On multiple choice, the FDIC usually shows up in questions asking which New Deal initiative reformed the banking system or restored public confidence in banks, or in questions sorting programs into relief, recovery, and reform. The FDIC is your go-to reform answer for banking. You may also see it in stems about the long-term impact of New Deal regulatory agencies on American governance, where the right answer emphasizes lasting structural change rather than temporary aid. No released FRQ has used the term verbatim, but the FDIC is strong evidence for LEQs and DBQs on how the New Deal changed the relationship between government and the economy. The winning move is specificity. Don't just say "FDR helped banks." Say the FDIC insured deposits, ended bank runs, and permanently expanded federal responsibility for financial stability.
Both deal with the 1933 banking crisis, so they blur together. The Emergency Banking Relief Act (March 1933) was the short-term rescue. It paired with the bank holiday to close, inspect, and reopen healthy banks. The FDIC (created by Glass-Steagall later in 1933) was the permanent reform that insured deposits going forward. One stopped the immediate panic; the other made sure the panic couldn't restart. Also don't swap FDIC and Glass-Steagall on legislation questions. Glass-Steagall is the law, the FDIC is the agency it created.
The FDIC was created in 1933 by the Glass-Steagall Act to insure bank deposits up to a set limit.
Deposit insurance ended the bank runs that had destroyed thousands of banks early in the Depression, because guaranteed money gives depositors no reason to panic.
In the relief-recovery-reform framework, the FDIC is reform, a permanent structural change rather than temporary aid.
The FDIC still exists today, making it the go-to evidence for the CED point that the New Deal left a lasting legacy of regulatory agencies (KC-7.1.III.C).
The FDIC marks a major expansion of federal power, since the government took on responsibility for the stability of the banking system for the first time.
Don't confuse the timeline: the bank holiday and Emergency Banking Relief Act were the March 1933 emergency fix, and the FDIC was the permanent follow-up.

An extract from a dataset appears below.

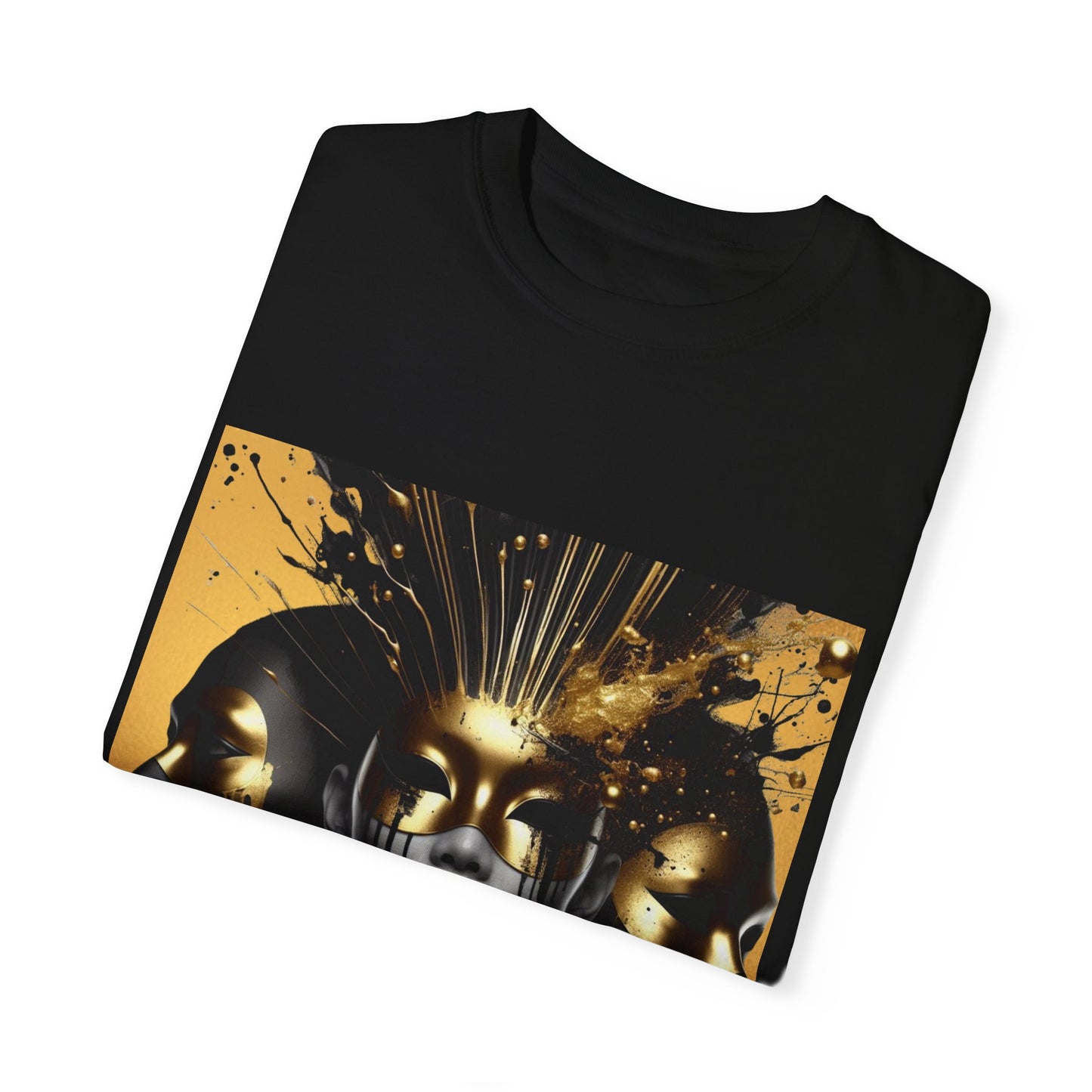 Unisex Garment-Dyed T-shirt  De Opulence by Noir Wolf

The FDIC (Federal Deposit Insurance Corporation) is a federal agency created by the Glass-Steagall Act in 1933 that insures bank deposits up to a set limit. It restored public confidence in banks and ended the wave of bank runs during the Great Depression.
Reform. It didn't hand out aid or jumpstart spending; it permanently restructured the banking system. The Emergency Banking Relief Act was the relief side of the same crisis, which is why the two pair well in essays.
No. The CED is explicit that the New Deal did not end the Depression (KC-7.1.III.C). What the FDIC did end was the cycle of bank runs and bank failures, and it survived as a lasting regulatory legacy of the New Deal.
Glass-Steagall is the 1933 law; the FDIC is the agency it created. Glass-Steagall also separated commercial banking from investment banking. If a question asks about banking legislation, answer Glass-Steagall; if it asks about the agency insuring deposits, answer FDIC.
Yes, the FDIC has insured deposits continuously since 1933. That's exactly why it's great APUSH evidence for arguments about the New Deal's long-term impact on American governance and the expanded federal role in the economy.